### Your task
The entries that follow include a run beginning at the line with "A grey sports" and ending at the line with "Wooden table with"; restate that run word for word and leave the rest out.

** Opening Material supplied block **

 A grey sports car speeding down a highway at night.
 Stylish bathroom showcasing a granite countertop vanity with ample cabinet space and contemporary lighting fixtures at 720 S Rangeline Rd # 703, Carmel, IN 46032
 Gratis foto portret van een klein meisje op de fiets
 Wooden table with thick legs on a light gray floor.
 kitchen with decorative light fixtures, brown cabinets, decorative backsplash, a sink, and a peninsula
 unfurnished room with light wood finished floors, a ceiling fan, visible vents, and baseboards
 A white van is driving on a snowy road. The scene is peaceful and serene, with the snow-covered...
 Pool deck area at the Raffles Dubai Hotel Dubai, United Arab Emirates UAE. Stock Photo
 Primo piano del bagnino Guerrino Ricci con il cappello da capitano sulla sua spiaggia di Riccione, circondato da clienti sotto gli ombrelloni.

** Closing Material supplied block **
** Opening Material supplied block **

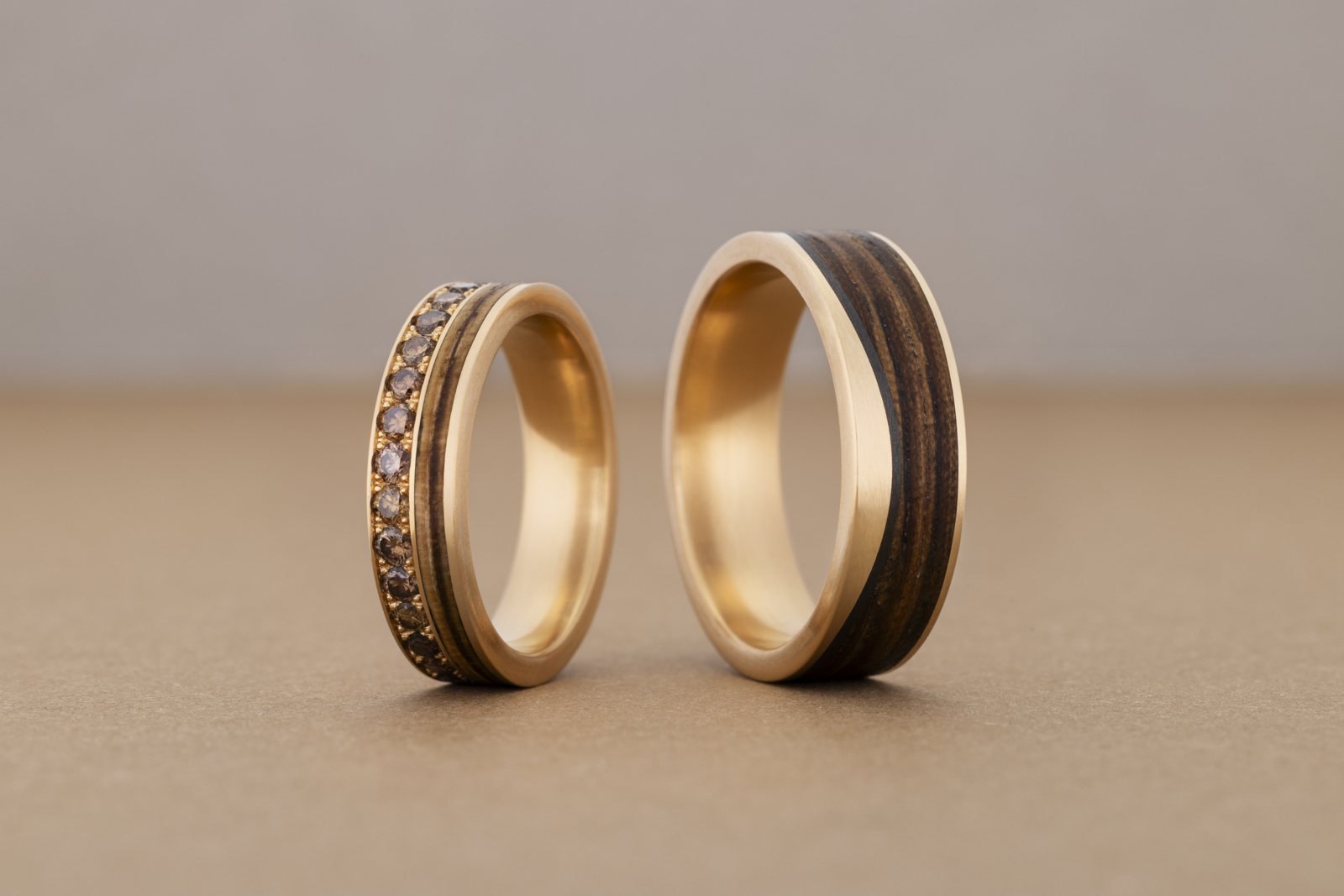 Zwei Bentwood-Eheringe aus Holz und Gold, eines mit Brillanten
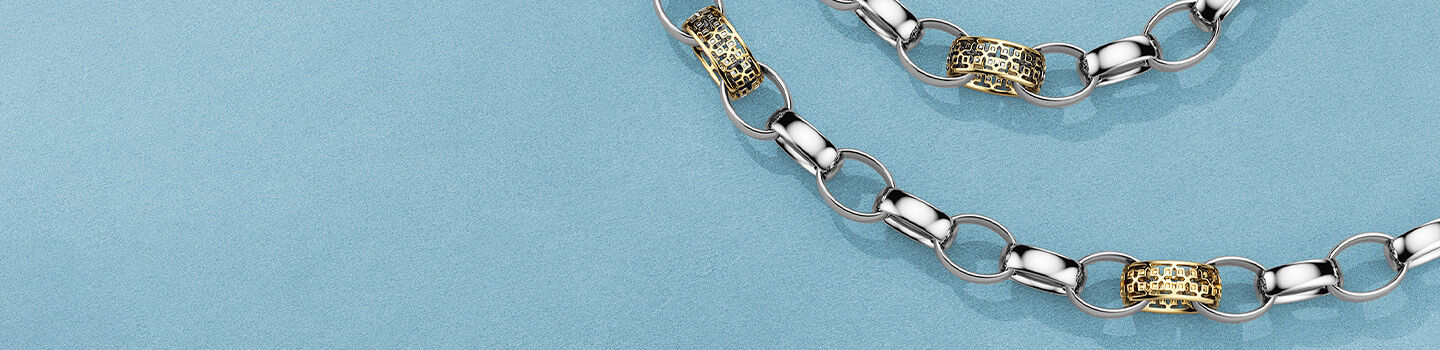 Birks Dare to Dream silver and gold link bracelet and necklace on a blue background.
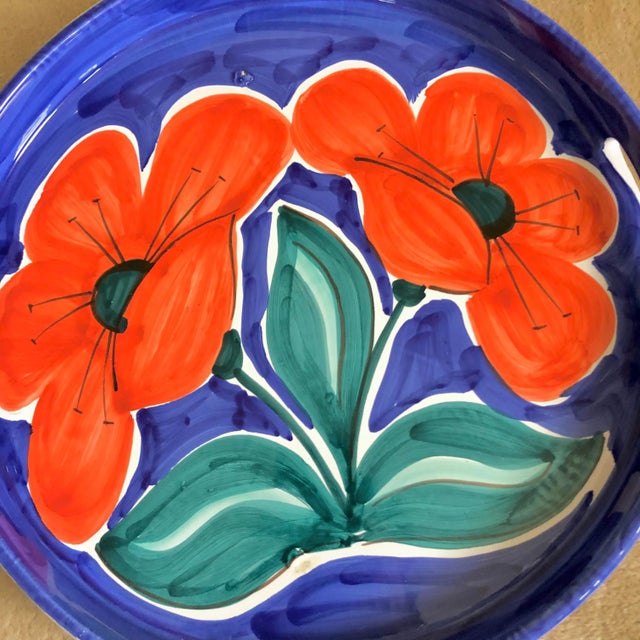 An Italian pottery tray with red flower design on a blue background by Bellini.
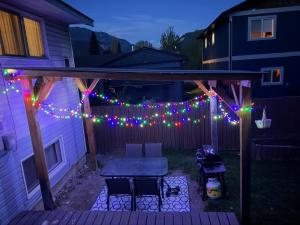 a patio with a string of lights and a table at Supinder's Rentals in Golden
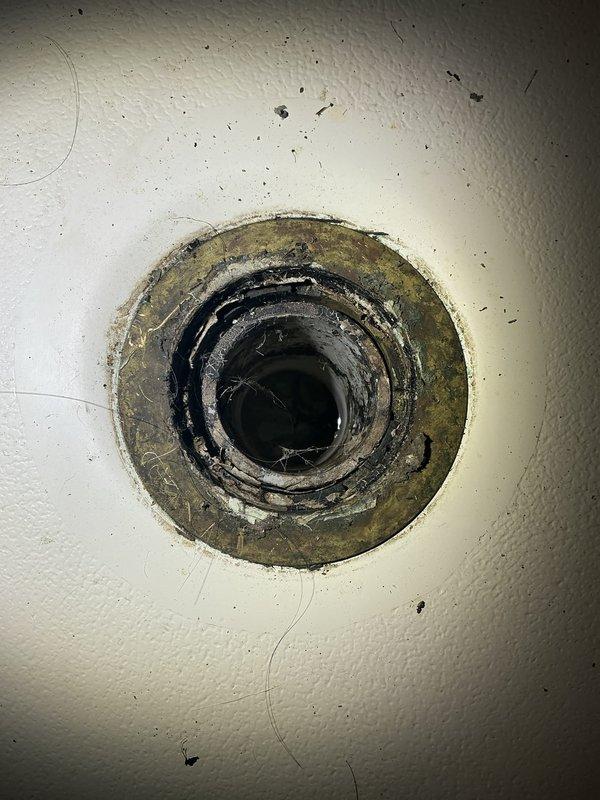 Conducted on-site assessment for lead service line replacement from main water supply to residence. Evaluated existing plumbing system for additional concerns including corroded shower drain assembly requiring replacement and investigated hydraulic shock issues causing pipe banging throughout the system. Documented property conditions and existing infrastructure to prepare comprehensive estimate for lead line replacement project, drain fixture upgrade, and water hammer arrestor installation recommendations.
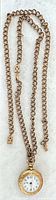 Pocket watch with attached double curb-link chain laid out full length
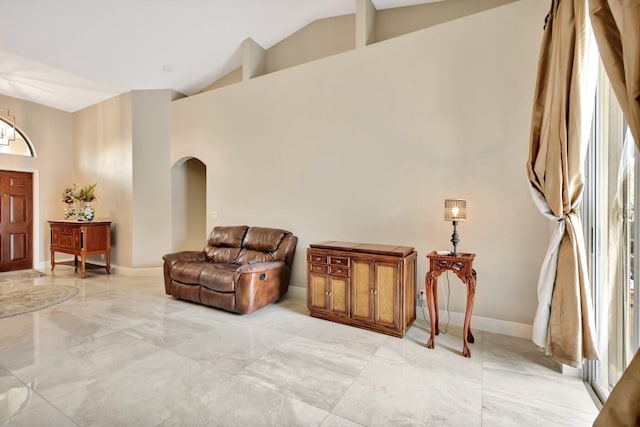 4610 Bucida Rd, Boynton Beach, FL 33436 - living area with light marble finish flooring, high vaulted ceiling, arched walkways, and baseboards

** Closing Material supplied block **

### Solution to the exercise
 A grey sports car speeding down a highway at night.
 Stylish bathroom showcasing a granite countertop vanity with ample cabinet space and contemporary lighting fixtures at 720 S Rangeline Rd # 703, Carmel, IN 46032
 Gratis foto portret van een klein meisje op de fiets
 Wooden table with thick legs on a light gray floor.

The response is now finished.